Foi cabeça de lista às Regionais em todas as Eleições, desde 1996. Em entrevista ao Funchal Notícias avança que será ele o cabeça de lista às Regionais de 2019, “de acordo com uma orientação assumida pela CDU”.

FUNCHAL NOTÍCIAS: Edgar Silva foi cabeça de lista às Regionais em 1996, 2000, 2004, 2007, 2011 e 2015. Será também em 2019?

EDGAR SILVA: Tenho encabeçado as candidaturas da CDU, desde 1996, ao Parlamento Regional. E de acordo com uma orientação assumida pela CDU para as próximas eleições regionais deverei ser o cabeça de lista nesta candidatura.

FN: Está desiludido com o último resultado do partido nas Europeias ou são águas passadas?

ES: Não estou desiludido com o resultado eleitoral da CDU para o Parlamento Europeu. A CDU merecia muito mais! Pelo trabalho realizado pelos deputados da CDU no Parlamento Europeu e pela qualidade do desempenho dos candidatos nos debates e nas iniciativas da campanha a CDU merecia mais, muito mais. Mas, a eleição dos dois deputados garante que no Parlamento Europeu continuaremos a ter deputados vinculados à defesa do interesse nacional e não, ao contrário dos outros, deputados que são os representantes dos interesses da UE em Portugal.

FN: Quais os objectivos do PCP para as Regionais de 2019?

ES: Nas Regionais de 2019 os nossos objectivos são os de derrotar a política de direita e contribuir para a concretização de uma alternativa política e de uma política alternativa para a Região.

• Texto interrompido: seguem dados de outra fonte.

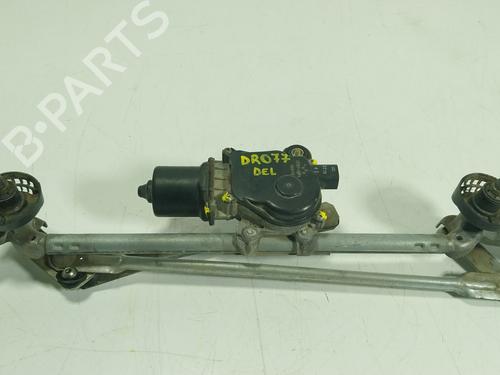 Used Front wiper motor Front wiper motor NISSAN QASHQAI II (J11, J11_) 1.3 DIG-T (140 hp) 27334161 27334161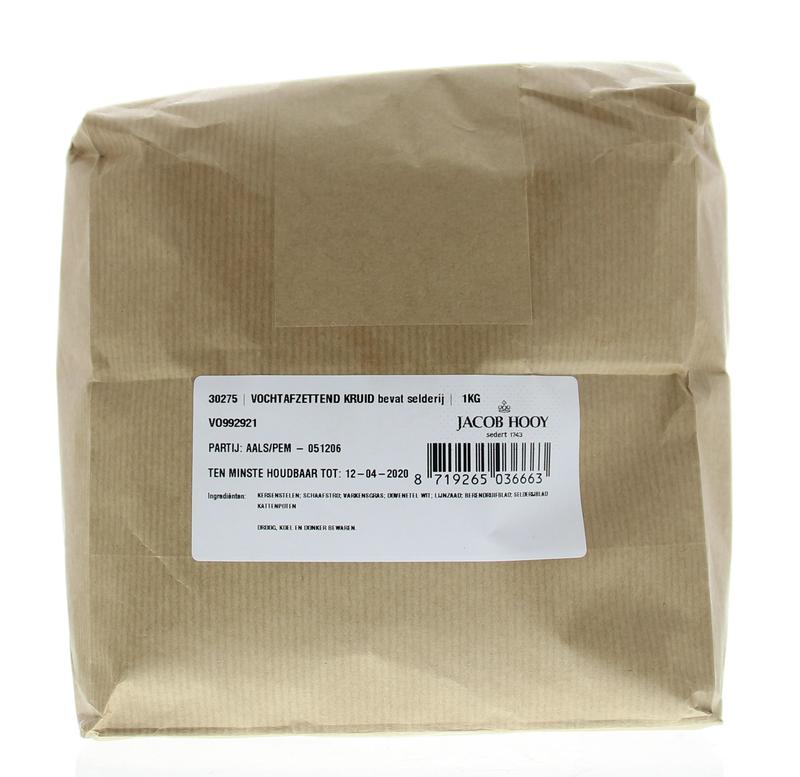 Jacob Hooy Vochtafzettende Kruiden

Mais do que uma mera alternância, queremos que um novo rumo seja viável para a Autonomia, com “Justiça Social e Justiça Ambiental”. Não basta que mudem as moscas!

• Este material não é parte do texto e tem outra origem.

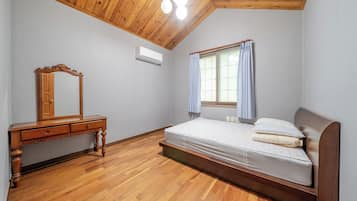 ๋ฒ ์ด์ง๋ฃธ, ์นจ์ค 2๊ฐ (Room 102 (Ocean View)) | 1 ๊ฐ์ ์นจ์ค, ๋ฌด๋ฃ WiFi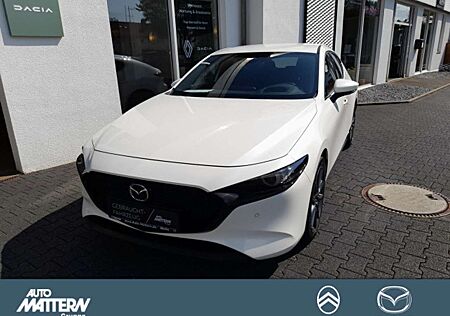 Mazda 3 S SKYACTIV-G 2.0 150PS M Hybrid 6GS AL-S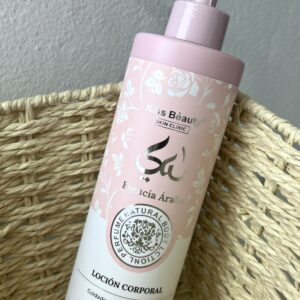 Loción corporal Yara Rosa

FN: Será desta que Herlando Amado assume um lugar em São Bento?

ES: A Herlanda Amado encabeçará a candidatura da CDU à Assembleia da República e, se os trabalhadores e o povo desta Região o quiserem, poderá corresponder a uma nova etapa e inovadora acção de luta por mais e melhor Autonomia, por mais e melhor democracia para a Região Autónoma da Madeira.

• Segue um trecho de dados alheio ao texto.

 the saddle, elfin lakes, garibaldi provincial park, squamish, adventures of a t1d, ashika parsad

FN: Teme que o aparecimento de novos partidos (Aliança, Iniciativa Liberal, PURP, etc.) contribuam para a dispersão de votos e, com isso, o PCP seja prejudicado?

ES: Os novos partidos e coligações foram ao longo dos últimos anos uma das componentes do quadro político. Muitos já desapareceram, desfizeram-se ou foram ilegalizados. Entretanto, formaram-se outros partidos… São processos que não são novos.

FN: Das 6 Legislaturas em que participou qual foi a mais desafiadora?

ES: Em cada uma das Legislaturas configuraram-se desafios políticos muito específicos e corresponderam a patamares diversificados da vida democrática.

FN: Recorda-se de algum episódio que o marcou nas 6 campanhas eleitorais para as Regionais em que participou?

ES: De todas as campanhas e batalhas eleitorais o episódio mais marcante aconteceu nas últimas Eleições Regionais de 2015: na noite eleitoral a CDU consegui, pela primeira vez, retirar a maioria absoluta ao PSD e elegeu o terceiro deputado. Durante cerca de duas horas a situação política regional alterou-se radicalmente. Depois, movimentaram-se determinados factores que fizeram com que, por meia dúzia de votos, o PSD tivesse passado a ter mais um deputado e tivesse recuperado a maioria absoluta.

FN: Foi candidato a presidente da República em Outubro de 2015. O professor Marcelo Rebelo de Sousa tem defraudado as suas expectativas?

ES: Marcelo Rebelo de Sousa tem uma interpretação peculiar das funções presidenciais, que na campanha eleitoral tivemos oportunidade de apontar.

FN: Quem acha que vai ganhar as eleições Regionais em 2019?

ES: Nestas eleições estará em causa a eleição dos deputados para a Assembleia Legislativa Regional da Madeira. E o que estará em causa não é apenas qual a candidatura com mais votos. Porque, tal como aconteceu nas últimas eleições legislativas nacionais, embora o PSD/CDS tenham conseguido mais votos, não venceram as eleições e não conseguiram formar governo… Então, a correlação de forças no Parlamento é que poderá ditar quem “vencerá” as próximas eleições regionais. Um dado me parece muito provável, é que nenhuma das candidaturas por si só e isoladamente conseguirá ter uma maioria absoluta.

FN: Que comentário faz à revogação da suspensão “à divinis” ao Pe. Martins Júnior?

ES: A decisão do Bispo do Funchal relativamente ao Pe. Martins Júnior, sendo um antigo problema interno da Igreja Católica, terá prevalecido o bom senso do Bispo da Diocese.